Various schools of sculptures flourished under the patronage of the Satavahana rulers. The Amravati School of sculpture came to the forefront as one of the most popular styles of Buddhist art. The sculptures here show some of the traces of the influence of the Gandhara Amaravati stupa and the Mathura schools to some extent.
History of Ancient Sculptures of the Satavahana Empire
The earliest Sculpture of the Satavahana Empire is the Bhaja Vihara cave which marks the beginning of sculptural art in around 200BC. It is generously decorated with carvings and even pillars have a lotus, crowned with sphinx-like mythic animals. The Satavahanas were also called the Andhra dynasty, which has led to the statement that they initiated in the Andhra region, the delta of the Krishna and Godavari rivers on the east coast, from where they moved westwards up the Godavari River.
The Satavahanas seems to commence as feudatories to the Mauryan Empire. They seem to have been under the rule of Emperor Ashoka. The founder of the Satavahana Empire was Simuka. Many statues and images were made all through this era. Most of the images portray scenes from the life of the Buddha. The sights depicting Buddha's feet are worshipped mainly as an exclusive sculpture at the Amravati Stupa while at Nagarjunakonda, the sculpture depicting Buddha giving a speech, throw an enchantment of peacefulness.

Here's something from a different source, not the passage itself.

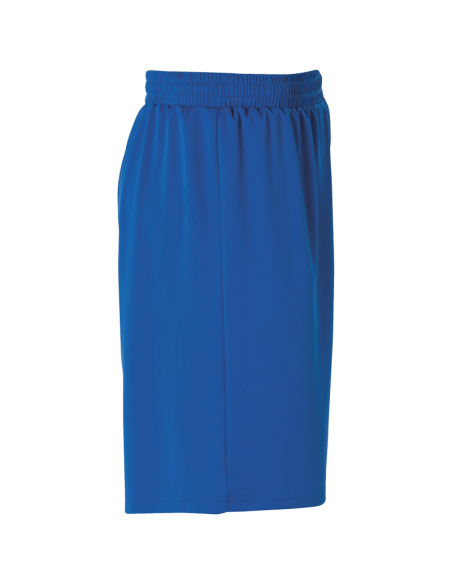 Uhlsport Center Basic Shorts - Azur & Jaune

Features of Ancient Sculptures of the Satavahana Empire
Lord Gautama Buddha was not represented in a human form. This was known to be a significant feature of the Satavahana sculptures. The features of Satavahana sculptures are also found in the sculpture of Nagarjunakonda. At Nagarjunakonda the sculptural tradition of Amaravati seems to continue. Here too, the Buddhist themes dominate the entire picture of artistic creations. Episodes from Gautama Buddha's life have been transferred on stone. But the outstanding example of the sculpture of that ages and art of Satavahanas is the depiction of the Enlightened Buddha. The erotic sculptures are less in numbers but can be marked with their presence. The images were characterized by vigour, activity and grace.

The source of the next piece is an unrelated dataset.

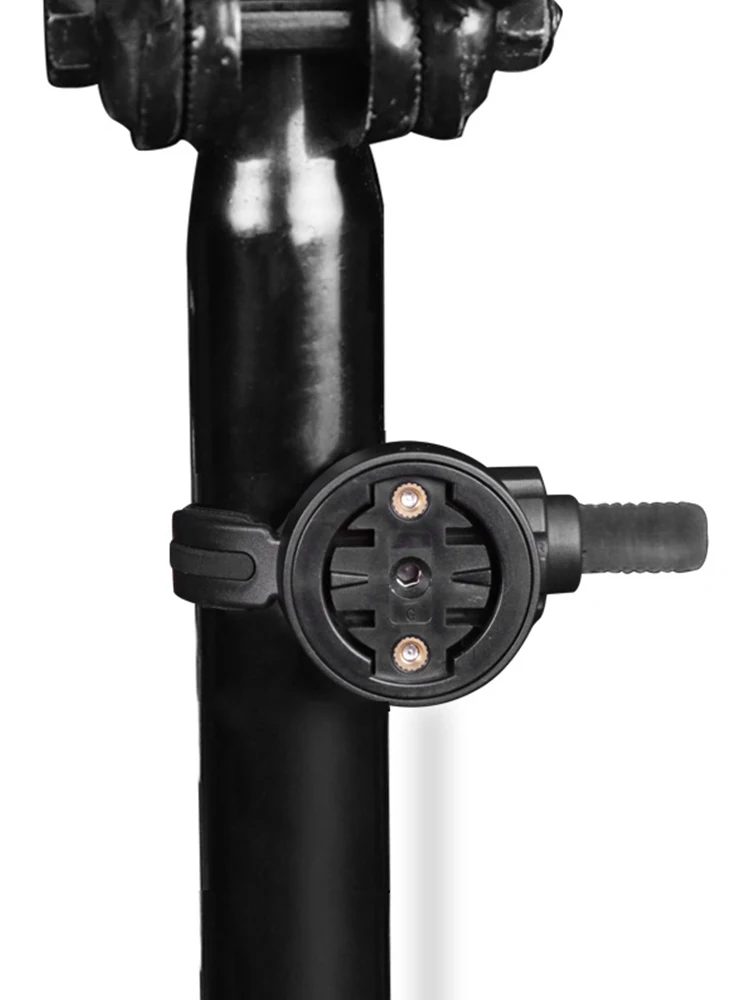 Bicycle Computer Mount Universal Type Bicycle Headlight Base Computer Bracket Rotatable for Garmin Varia Radar Taillight Bracket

The sculpture of Karle Chaitya is another example of the magnificence of the Satavahana architecture. The hall is more than 124 feet long, 46 feet broad and 46 feet high. It also marked with construction of the garbhagriha, the pradakshinapatha and the mandapa. Here, along with the doorway, even the elegant chaitya window, encompassing the woodwork of sculptures has remained till today. Sculpture of Kanehri has also been modelled on the particular style in which other Satavahana sculptures have been carved out.

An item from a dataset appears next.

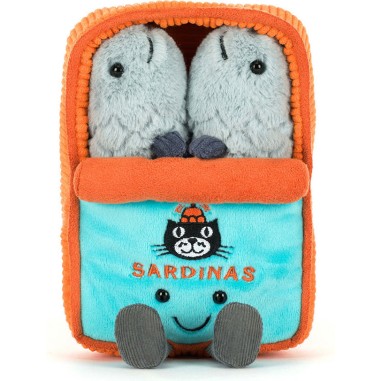 Peluche Boite de sardines Amuseables Sardine Tin - Jellycat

The famous sculptures at Ajanta Caves also reflect the features of Satavahana art and architecture. The glory of the Satavahanas is, thus, rightly reflected in the tradition of art and architecture. In fact in many famous places in Andhra Pradesh like Goli, Jaggayapeta, Ghantasala, Bhattiprolu, Amaravati and Nagarjunakonda the remains of Satavahana sculptures have been discovered. A large number of Stupas had also been constructed under the regime of the Satavahanara rulers. The Bhattiprolu stupa, is a renowned sculptural beauty of the Satavahanas, which is engraved inscriptions in the Brahmi script, which is said to be closely associated to the Balinese, Burmese, Javanese, Thai and Indian Tamil and Telugu scripts.
Some more sculptures of the Satavahana Empire existed specifically are Dvarapala, Gajalaksmi, Shalabhanjikas, Royal Procession, Decorative pillar etc.